▶ [TRY IT] Word for word, restate the lines from the one holding "a living room" through the last line of the material below, and leave every picture out.

/---

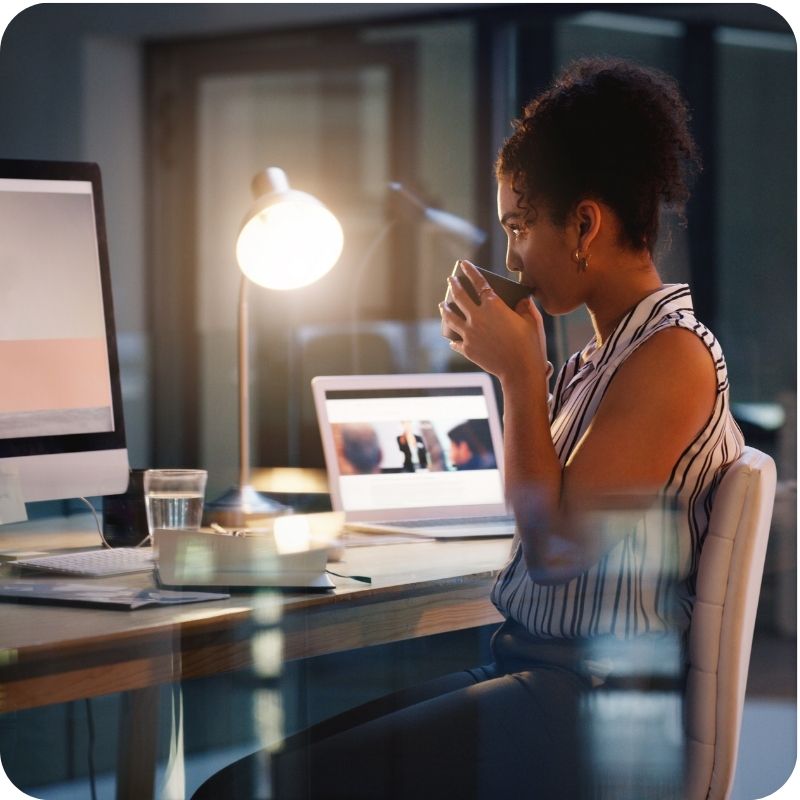 Image of a person drinking coffee at their desk while working on a laptop.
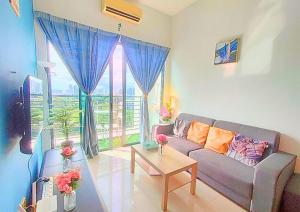 a living room with a couch and a table at Comfy Park View Stay Above DPulze Mall #DP4 in Cyberjaya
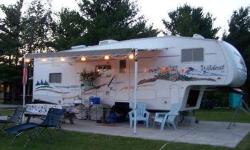 2004 Forest River Wildcat Fifth Wheel Camper. LESS THAN ONE DOZEN ROAD TRIPS!!!!... and in SUPER condition. Sleeps 8 comfortably and must see private bunk room the kids will LOVE!! Also has awesome nifty garage area in rear and plenty of storage! Stove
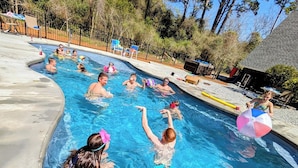 Piscina rodeada de árboles y un área cercada con sillas de descanso.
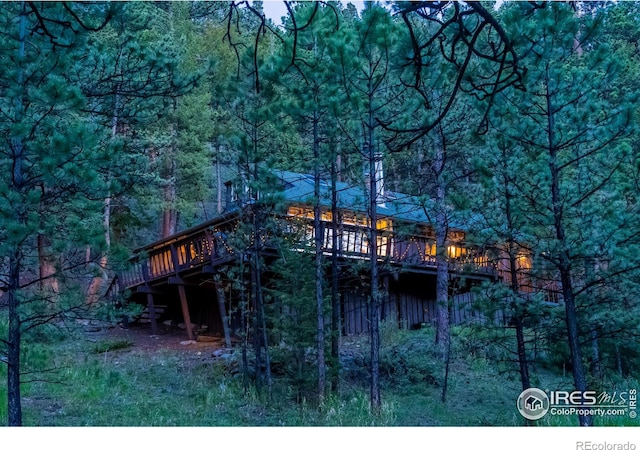 back of house with a deck and a view of trees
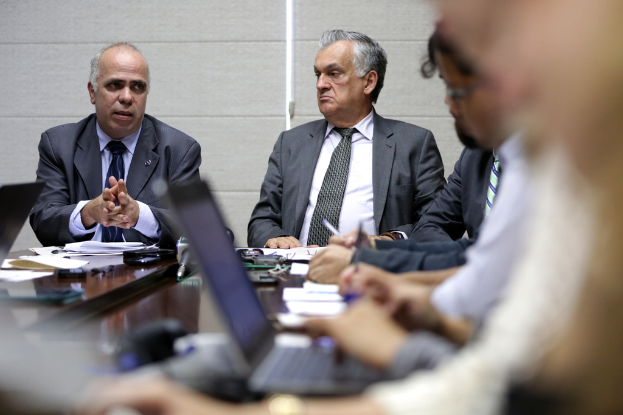 Ein Mann in einem blauen Hemd und Blazer steht in der Ecke eines Konferenzraums und spricht mit vier sitzenden Männern, mit einem Tisch voller Gegenstände vor ihnen und einer weißen Wand dahinter.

\---

▶ [EXERCISE RESPONSE]
 a living room with a couch and a table at Comfy Park View Stay Above DPulze Mall #DP4 in Cyberjaya
 2004 Forest River Wildcat Fifth Wheel Camper. LESS THAN ONE DOZEN ROAD TRIPS!!!!... and in SUPER condition. Sleeps 8 comfortably and must see private bunk room the kids will LOVE!! Also has awesome nifty garage area in rear and plenty of storage! Stove
 Piscina rodeada de árboles y un área cercada con sillas de descanso.
 back of house with a deck and a view of trees
 Ein Mann in einem blauen Hemd und Blazer steht in der Ecke eines Konferenzraums und spricht mit vier sitzenden Männern, mit einem Tisch voller Gegenstände vor ihnen und einer weißen Wand dahinter.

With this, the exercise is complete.